Obtenir un permis pour un gros projet immobilier? C’est presque de la roulette russe
Les entrepreneurs doivent compter entre deux ans et demi et cinq ans pour espérer obtenir un permis d’urbanisme pour un gros projet immobilier. “C’est quasiment devenu le jeu de la roulette russe”, selon la Fédération des entrepreneurs généraux de la construction.
Avant de solliciter un permis, un promoteur lance des études d’impact et de conception. Il introduit ensuite sa demande auprès des pouvoirs locaux. Si tout se passe bien et qu’aucun recours n’est introduit, le permis est accordé après 28,5 mois en moyenne, ressort-il d’une étude conjointe de la KU Leuven et Ideaconsult. C’est le cas pour un gros projet (comme la construction de 20 unités de logement) sur deux (53%). Pour l’autre moitié, le permis est soit refusé (12%), soit retiré d’initiative. Si l’octroi du permis est contesté devant le Conseil d’État, il faut ajouter environ 395 jours supplémentaires. En Flandre, ce trajet peut s’étirer jusqu’à 65,5 mois puisqu’une instance intermédiaire existe (le Raad voor Vergunningsbetwistingen – RvVB).
Des délais qui ont un coût
Or, ces délais coûtent de l’argent aux entrepreneurs. “On estime la perte à 12 millions d’euros par mois de retard” pour toute la Belgique, note le directeur général de la fédération, Patrice Dresse. Ces lenteurs ont plusieurs sources, selon l’étude. Les divergences de vision entre instances communales débouchent sur des injonctions contradictoires (par exemple, créer une route secondaire tout en préservant une friche naturelle). “L’enfer est pavé de bonnes intentions”, jauge M. Dresse. “Il est normal que tout le monde puisse s’exprimer” lors des consultations lancées par les communes, “mais on en arrive parfois à des situations ubuesques où des gens qui ne se sont pas manifestés lors des phases préliminaires déposent un recours devant le Conseil d’État”, dénonce-t-il, rappelant qu’un recours a un coût financier pour un entrepreneur. Les caractéristiques du quartier (densité de population, niveau d’éducation des habitants, propriété ou location…) influencent aussi fortement la probabilité de recours au Conseil d’État. Ainsi, un promoteur a plus de chance de se voir accorder un permis pour un quartier où la proportion de non-Européens et de travailleurs est plus importante.

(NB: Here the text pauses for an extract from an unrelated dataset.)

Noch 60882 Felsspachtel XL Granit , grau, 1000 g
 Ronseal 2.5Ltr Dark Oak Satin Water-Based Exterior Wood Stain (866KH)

La politique du “not in my backyard”
Il existe en outre des différences entre communes: le risque de recours est plus élevé dans celles plus densément peuplées (les grandes villes, typiquement). Soit “dans les zones où la demande de logements est forte et où les prix augmentent”, souligne la fédération. “Si moins d’un projet sur deux aboutit, cela a un impact sur le coût du bâti puisqu’il faut que le coût du projet raté soit intégré dans celui du projet réussi”, pointe Patrice Dresse. À l’initiative des recours contre les gros projets immobiliers, on retrouve “des voisins ou des associations d’intérêt général”, selon le directeur général. “C’est la politique du ‘not in my backyard’.
Mais les gens oublient que la verte pâture qui borde leur maison est un terrain constructible et que leur droit de propriété” n’empiète pas “sur le terrain d’autrui”. Afin de réduire les délais pour l’octroi d’un permis, la fédération préconise de moderniser les procédures nationales et régionales, notamment en créant “un point de contact clair auprès de l’autorité délivrant le permis”.
Le problème des recours
Quant aux recours, “nous pensons que tout le monde doit avoir accès à la justice mais qu’il faut prendre en compte l’intérêt à agir”, répond M. Dresse. Autrement dit: pourquoi une association limbourgeoise peut-elle avoir voix au chapitre sur un projet montois, illustre-t-il. “En Wallonie, un recours est introduit par jour ouvrable contre des décisions de la Région et le problème est comparable dans les trois Régions”, avance-t-il.
“On pourrait également imaginer une sorte de gare de triage qui évaluerait si tous les documents requis sont dans le dossier avant d’arriver devant le Conseil d’État”, poursuit le directeur de la fédération. “Si un recours est fait de bric et de broc pour gagner du temps, le juge devrait pouvoir vous sanctionner en vous imputant les frais de justice”, ajoute-t-il. “Ce sont quelques éléments qui permettraient de mettre de côté les cas les plus excessifs. On gagnerait alors en rapidité”, conclut Patrice Dresse.